(Beginning of THE DATA)
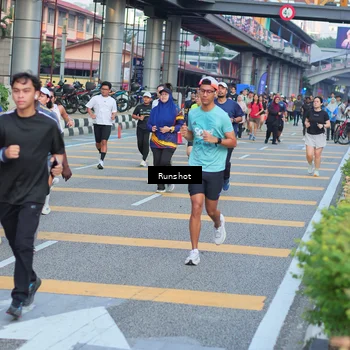 Runner Photo 5033401
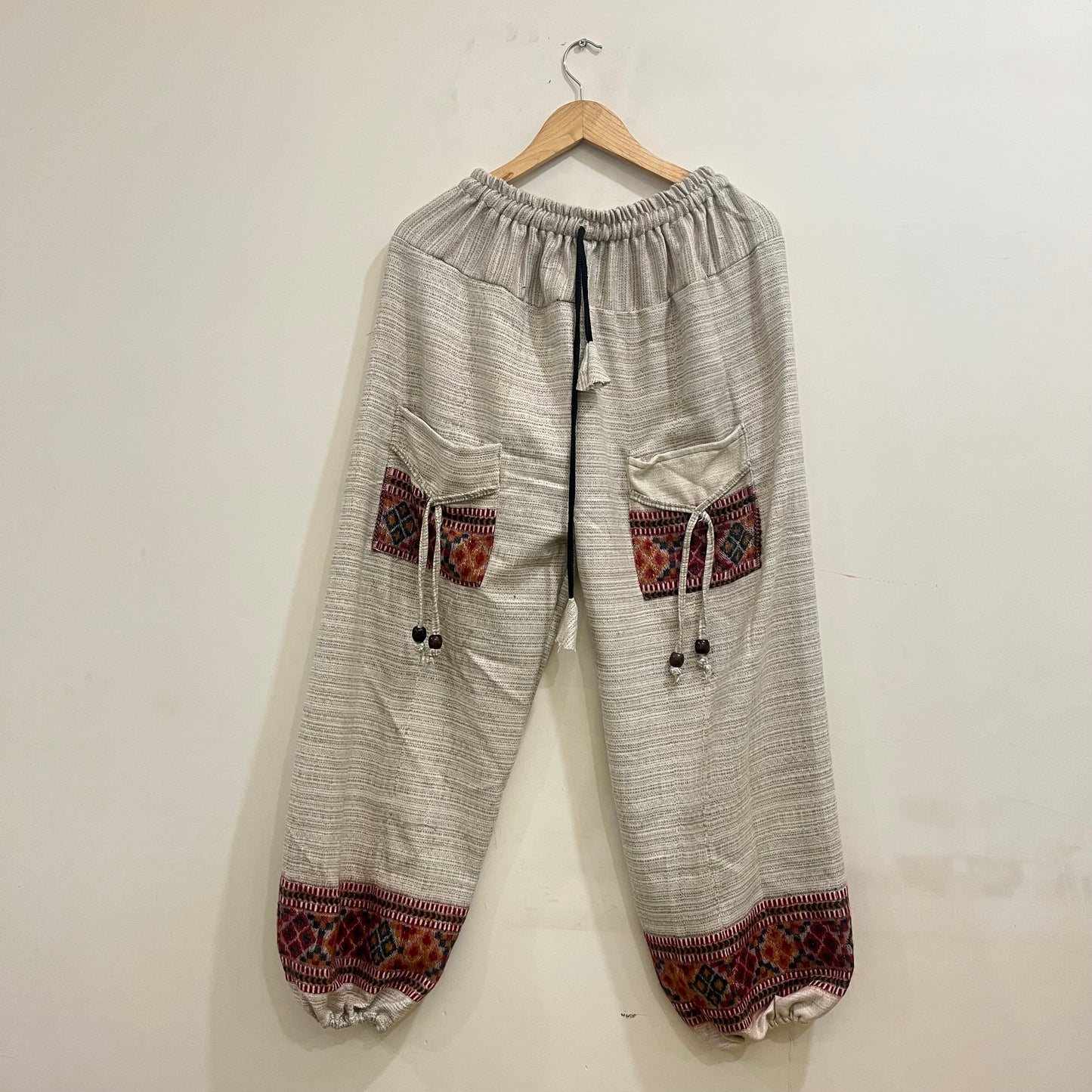 Combo Set - Kullu Poncho + Woollen Pants (Black+ Cream)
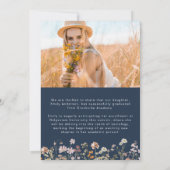Navy Blue Wildflower Afstuderen Fotoaankondiging Aankondiging (Achterkant)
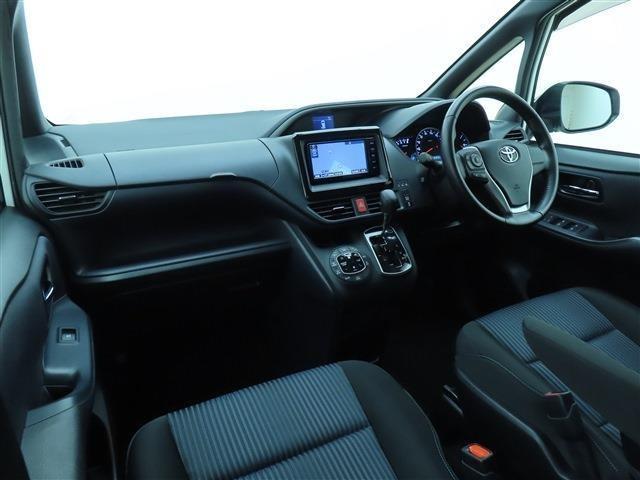 ヴォクシー ＺＳ　煌　禁煙車　ワンオーナー　後期型　両側パワースライドドア　純正ナビ　クルーズコントロール　ビルトインＥＴＣ　コーナーセンサー　純正１６インチＡＷ（2枚目）
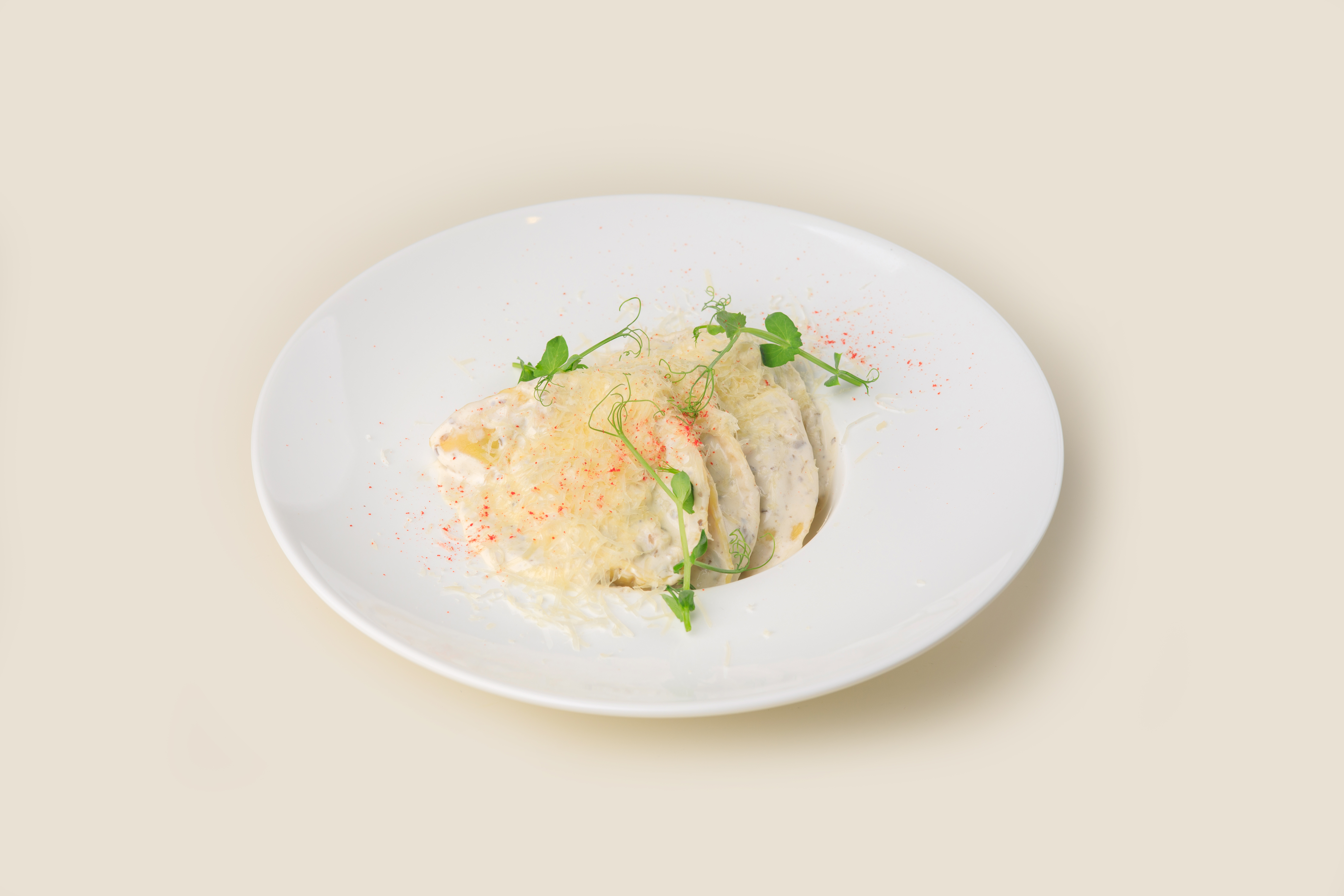 Равиоли с лесными грибами и картофелем под классическим жюльеном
(End of THE DATA)
■ **ASSIGNED TASK**:
A faithful copy of the entries above is needed, one that contains no images.

■ **TASK SOLUTION**:
 Runner Photo 5033401
 Combo Set - Kullu Poncho + Woollen Pants (Black+ Cream)
Navy Blue Wildflower Afstuderen Fotoaankondiging Aankondiging (Achterkant)
 ヴォクシー ＺＳ　煌　禁煙車　ワンオーナー　後期型　両側パワースライドドア　純正ナビ　クルーズコントロール　ビルトインＥＴＣ　コーナーセンサー　純正１６インチＡＷ（2枚目）
 Равиоли с лесными грибами и картофелем под классическим жюльеном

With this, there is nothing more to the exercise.